Bug 1734251

Summary: Files inaccessible if one rebalance process is killed in a multinode volume
Product: [Community] GlusterFS Reporter: Nithya Balachandran <nbalacha>
Component: distributeAssignee: Barak Sason Rofman <bsasonro>
Status: CLOSED UPSTREAM QA Contact:
Severity: unspecified Docs Contact:
Priority: unspecified    
Version: 6CC: bugs, spalai
Target Milestone: ---   
Target Release: ---   
Hardware: Unspecified   
OS: Unspecified   
Whiteboard:
Fixed In Version: Doc Type: If docs needed, set a value
Doc Text:
Story Points: ---
Clone Of: 1711764 Environment:
Last Closed: 2020-03-12 12:56:46 UTC Type: ---
Regression: --- Mount Type: ---
Documentation: --- CRM:
Verified Versions: Category: ---
oVirt Team: --- RHEL 7.3 requirements from Atomic Host:
Cloudforms Team: --- Target Upstream Version:
Embargoed:
Bug Depends On: 1711764    
Bug Blocks: 1714124    

Description Nithya Balachandran 2019-07-30 04:56:58 UTC
+++ This bug was initially created as a clone of Bug #1711764 +++

Description of problem:

This is a consequence of https://review.gluster.org/#/c/glusterfs/+/17239/ and lookup-optimize being enabled.
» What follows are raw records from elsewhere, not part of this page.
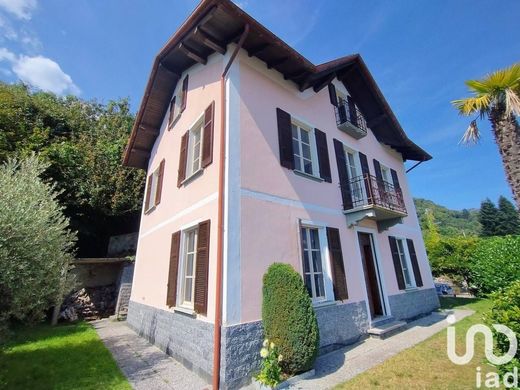 Maison de luxe à vendre à Oggebbio, 650 000 €, Photo 2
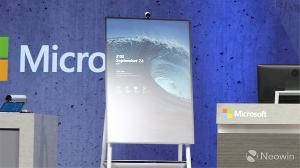 消息称：微软即将升级 Surface Hub 2S 白板，确认支持旋转
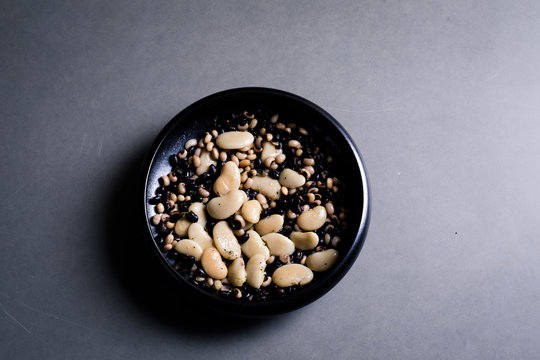 Overhead view of lima beans in bowl
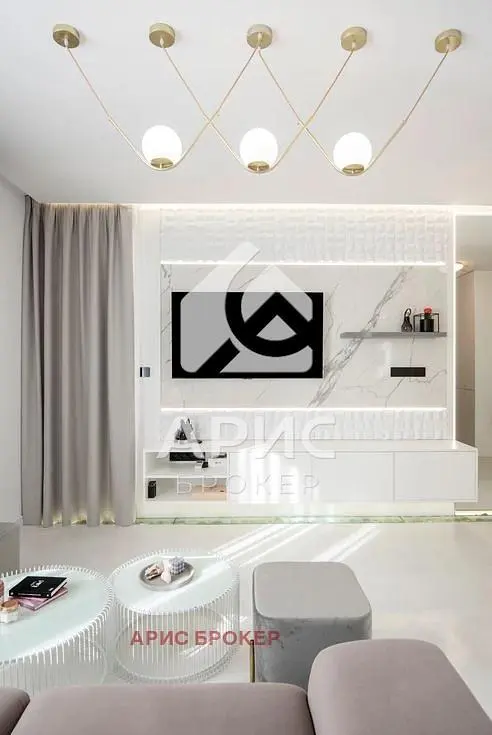 Soggiorno; stile moderno, luce naturale, ristrutturato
Rebalance directory processing steps on each node:

1. Set new layout on directory without the commit hash
2. List files on that local subvol. Migrate those files which fall into its bucket. Lookups are performed on the files only if it is determined that it is to be migrated by the process.
3. When done, update the layout on the local subvol with the layout containing the commit hash.

When there are multiple rebalance processes processing the same directory, they finish at different times and one process can update the layout with the commit hash before the others are done listing and migrating their files.
Clients will therefore see a complete layout even before all files have been looked up according to the new layout causing file access to fail.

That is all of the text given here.